DarkMatter in Cyberspace
  • Home
  • Categories
  • Tags
  • Archives

Interactive Programming for Spark


Interactive programming, IAP for short, is the upgrade version of REPL, which meets Immediate Feedback Principle.

Synonyms: on-the-fly-programming, just in time programming, conversational programming.

IAP means when the programmer works on the program file, every time the file is saved, the toolchain provides on-the-fly feedbacks which are helpful for ongoing development.

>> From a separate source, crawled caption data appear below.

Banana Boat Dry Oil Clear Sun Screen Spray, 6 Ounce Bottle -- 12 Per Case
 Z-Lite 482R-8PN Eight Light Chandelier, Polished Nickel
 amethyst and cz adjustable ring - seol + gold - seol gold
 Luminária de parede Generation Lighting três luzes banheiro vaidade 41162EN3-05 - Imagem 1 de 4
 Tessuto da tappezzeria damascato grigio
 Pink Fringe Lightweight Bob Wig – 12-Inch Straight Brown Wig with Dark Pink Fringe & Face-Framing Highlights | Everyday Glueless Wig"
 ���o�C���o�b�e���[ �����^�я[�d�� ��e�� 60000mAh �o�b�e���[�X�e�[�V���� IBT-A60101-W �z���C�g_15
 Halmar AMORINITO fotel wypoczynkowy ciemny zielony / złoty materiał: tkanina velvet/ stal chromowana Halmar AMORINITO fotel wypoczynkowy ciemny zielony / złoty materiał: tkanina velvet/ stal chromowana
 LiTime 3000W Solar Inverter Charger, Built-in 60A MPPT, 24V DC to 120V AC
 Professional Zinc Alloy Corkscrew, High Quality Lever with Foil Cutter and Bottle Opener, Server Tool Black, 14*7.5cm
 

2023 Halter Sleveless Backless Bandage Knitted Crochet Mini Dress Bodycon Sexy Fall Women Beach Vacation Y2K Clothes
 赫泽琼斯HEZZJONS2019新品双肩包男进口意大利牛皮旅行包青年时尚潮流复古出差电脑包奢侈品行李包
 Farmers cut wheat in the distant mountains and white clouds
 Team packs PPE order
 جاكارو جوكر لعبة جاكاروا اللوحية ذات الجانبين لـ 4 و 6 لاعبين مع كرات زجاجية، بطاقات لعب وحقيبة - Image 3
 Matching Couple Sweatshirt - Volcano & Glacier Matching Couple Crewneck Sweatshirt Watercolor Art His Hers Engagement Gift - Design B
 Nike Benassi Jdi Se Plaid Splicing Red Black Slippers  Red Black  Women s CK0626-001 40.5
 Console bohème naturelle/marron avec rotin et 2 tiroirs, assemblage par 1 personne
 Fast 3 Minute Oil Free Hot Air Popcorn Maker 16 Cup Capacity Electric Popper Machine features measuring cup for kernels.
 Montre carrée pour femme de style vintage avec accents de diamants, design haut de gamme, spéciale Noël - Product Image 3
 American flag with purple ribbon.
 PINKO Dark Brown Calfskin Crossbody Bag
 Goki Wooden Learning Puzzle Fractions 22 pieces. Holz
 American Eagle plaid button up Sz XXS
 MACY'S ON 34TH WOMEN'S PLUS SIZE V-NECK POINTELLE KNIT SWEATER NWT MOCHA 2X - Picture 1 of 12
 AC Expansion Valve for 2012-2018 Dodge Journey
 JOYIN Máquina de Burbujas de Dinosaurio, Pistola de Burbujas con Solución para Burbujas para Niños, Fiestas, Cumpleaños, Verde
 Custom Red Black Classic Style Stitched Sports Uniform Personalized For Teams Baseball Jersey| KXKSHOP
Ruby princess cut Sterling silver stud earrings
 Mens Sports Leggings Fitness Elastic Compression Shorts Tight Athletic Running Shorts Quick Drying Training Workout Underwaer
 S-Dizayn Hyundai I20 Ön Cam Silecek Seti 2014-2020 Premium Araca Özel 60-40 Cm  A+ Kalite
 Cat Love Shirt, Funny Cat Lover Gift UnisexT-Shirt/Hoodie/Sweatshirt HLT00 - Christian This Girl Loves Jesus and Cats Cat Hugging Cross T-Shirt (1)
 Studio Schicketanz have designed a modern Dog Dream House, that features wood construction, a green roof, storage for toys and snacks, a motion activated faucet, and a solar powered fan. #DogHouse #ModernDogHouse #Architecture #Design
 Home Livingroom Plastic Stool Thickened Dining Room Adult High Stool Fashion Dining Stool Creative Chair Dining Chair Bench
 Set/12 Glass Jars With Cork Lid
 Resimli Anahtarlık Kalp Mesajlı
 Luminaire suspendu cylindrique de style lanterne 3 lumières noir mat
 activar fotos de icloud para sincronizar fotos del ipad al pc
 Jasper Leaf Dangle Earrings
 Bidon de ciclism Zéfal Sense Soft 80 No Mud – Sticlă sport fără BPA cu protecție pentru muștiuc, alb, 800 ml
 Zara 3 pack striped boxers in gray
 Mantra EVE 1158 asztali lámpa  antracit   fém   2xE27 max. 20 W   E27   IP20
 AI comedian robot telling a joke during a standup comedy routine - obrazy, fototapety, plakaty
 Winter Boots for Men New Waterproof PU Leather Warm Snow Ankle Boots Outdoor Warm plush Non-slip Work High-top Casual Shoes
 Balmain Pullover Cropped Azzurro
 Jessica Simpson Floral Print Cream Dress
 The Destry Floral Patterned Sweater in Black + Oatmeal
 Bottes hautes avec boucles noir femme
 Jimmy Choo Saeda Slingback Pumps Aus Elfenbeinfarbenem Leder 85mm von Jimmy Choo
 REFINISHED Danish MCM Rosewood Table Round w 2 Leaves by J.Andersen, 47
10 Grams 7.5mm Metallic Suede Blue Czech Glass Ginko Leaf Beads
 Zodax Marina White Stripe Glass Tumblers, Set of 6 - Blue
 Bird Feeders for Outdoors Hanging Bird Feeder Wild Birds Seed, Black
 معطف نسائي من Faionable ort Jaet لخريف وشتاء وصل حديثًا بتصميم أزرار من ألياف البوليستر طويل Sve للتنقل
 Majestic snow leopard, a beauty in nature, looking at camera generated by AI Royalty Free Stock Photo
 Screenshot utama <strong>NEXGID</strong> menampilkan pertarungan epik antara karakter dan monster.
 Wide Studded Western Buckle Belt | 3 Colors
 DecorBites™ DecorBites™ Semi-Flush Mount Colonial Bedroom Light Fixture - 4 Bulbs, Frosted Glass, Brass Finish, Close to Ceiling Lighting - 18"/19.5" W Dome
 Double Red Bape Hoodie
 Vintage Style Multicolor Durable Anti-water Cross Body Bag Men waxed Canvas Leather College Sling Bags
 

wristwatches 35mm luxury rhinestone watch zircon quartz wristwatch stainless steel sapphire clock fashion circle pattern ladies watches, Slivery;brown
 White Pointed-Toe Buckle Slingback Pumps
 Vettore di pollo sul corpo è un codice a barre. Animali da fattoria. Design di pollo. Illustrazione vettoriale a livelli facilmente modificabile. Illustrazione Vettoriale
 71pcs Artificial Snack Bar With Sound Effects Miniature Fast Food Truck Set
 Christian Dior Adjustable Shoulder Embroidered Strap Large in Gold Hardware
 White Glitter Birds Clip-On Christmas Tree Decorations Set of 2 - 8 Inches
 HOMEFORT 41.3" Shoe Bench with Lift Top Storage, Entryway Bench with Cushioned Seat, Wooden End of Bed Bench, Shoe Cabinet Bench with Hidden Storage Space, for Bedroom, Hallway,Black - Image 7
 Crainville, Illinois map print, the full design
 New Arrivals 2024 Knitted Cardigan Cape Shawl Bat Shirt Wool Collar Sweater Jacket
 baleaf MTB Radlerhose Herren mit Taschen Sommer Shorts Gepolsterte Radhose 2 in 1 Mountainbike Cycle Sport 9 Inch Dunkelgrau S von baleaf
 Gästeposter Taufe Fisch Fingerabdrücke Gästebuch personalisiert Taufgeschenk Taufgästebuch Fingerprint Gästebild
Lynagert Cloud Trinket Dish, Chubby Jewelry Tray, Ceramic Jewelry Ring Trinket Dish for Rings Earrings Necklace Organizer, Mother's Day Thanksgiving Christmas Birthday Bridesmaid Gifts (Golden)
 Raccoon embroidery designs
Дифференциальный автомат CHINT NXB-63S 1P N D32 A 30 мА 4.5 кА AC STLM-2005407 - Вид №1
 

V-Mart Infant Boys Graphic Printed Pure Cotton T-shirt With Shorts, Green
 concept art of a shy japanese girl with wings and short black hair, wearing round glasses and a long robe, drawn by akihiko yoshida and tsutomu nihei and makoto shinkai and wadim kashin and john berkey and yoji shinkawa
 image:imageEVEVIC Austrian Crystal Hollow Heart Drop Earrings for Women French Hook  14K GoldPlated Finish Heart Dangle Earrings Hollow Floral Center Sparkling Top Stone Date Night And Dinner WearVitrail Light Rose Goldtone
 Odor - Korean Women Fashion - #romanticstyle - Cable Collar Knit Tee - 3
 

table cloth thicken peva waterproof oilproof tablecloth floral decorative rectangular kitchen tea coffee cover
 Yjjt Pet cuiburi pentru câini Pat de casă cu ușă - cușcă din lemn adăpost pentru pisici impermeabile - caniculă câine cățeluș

IAP of each language is implemented on a specific toolchain (mostly implemented in the same language). For example, ghcid for Haskell, RStudio for R, Spyder for Python, and sbt for Scala.

Unit Test

with FunSuite

Based on Funsuite of ScalaTest, and spark-testing-base, we can write unit test of Spark with SparkContext:

$ take sparkdemo
$ mkdir -p src/{main/{resources,scala},test/{resources,scala}}
$ cat << EOF > src/test/scala/Test1.scala
import org.scalatest.FunSuite
import com.holdenkarau.spark.testing.SharedSparkContext

class Test1 extends FunSuite with SharedSparkContext {
  test("test with SparkContext") {
    val list = List(1, 2, 3, 4)
    val rdd = sc.parallelize(list)

    assert(rdd.count === list.length)
  }
}
EOF

$ cat << EOF > build.sbt
import scala.sys.process._
name := "Simple Project"
version := "0.0.1"
scalaVersion := "2.11.8"

libraryDependencies += "org.apache.spark" %% "spark-sql" % "2.3.1"
libraryDependencies += "com.holdenkarau" %% "spark-testing-base" % "2.3.1_0.10.0" % "test"

fork in Test := true
parallelExecution in Test := false
javaOptions ++= Seq("-Xms512M", "-Xmx2048M", "-XX:MaxPermSize=2048M", "-XX:+CMSClassUnloadingEnabled")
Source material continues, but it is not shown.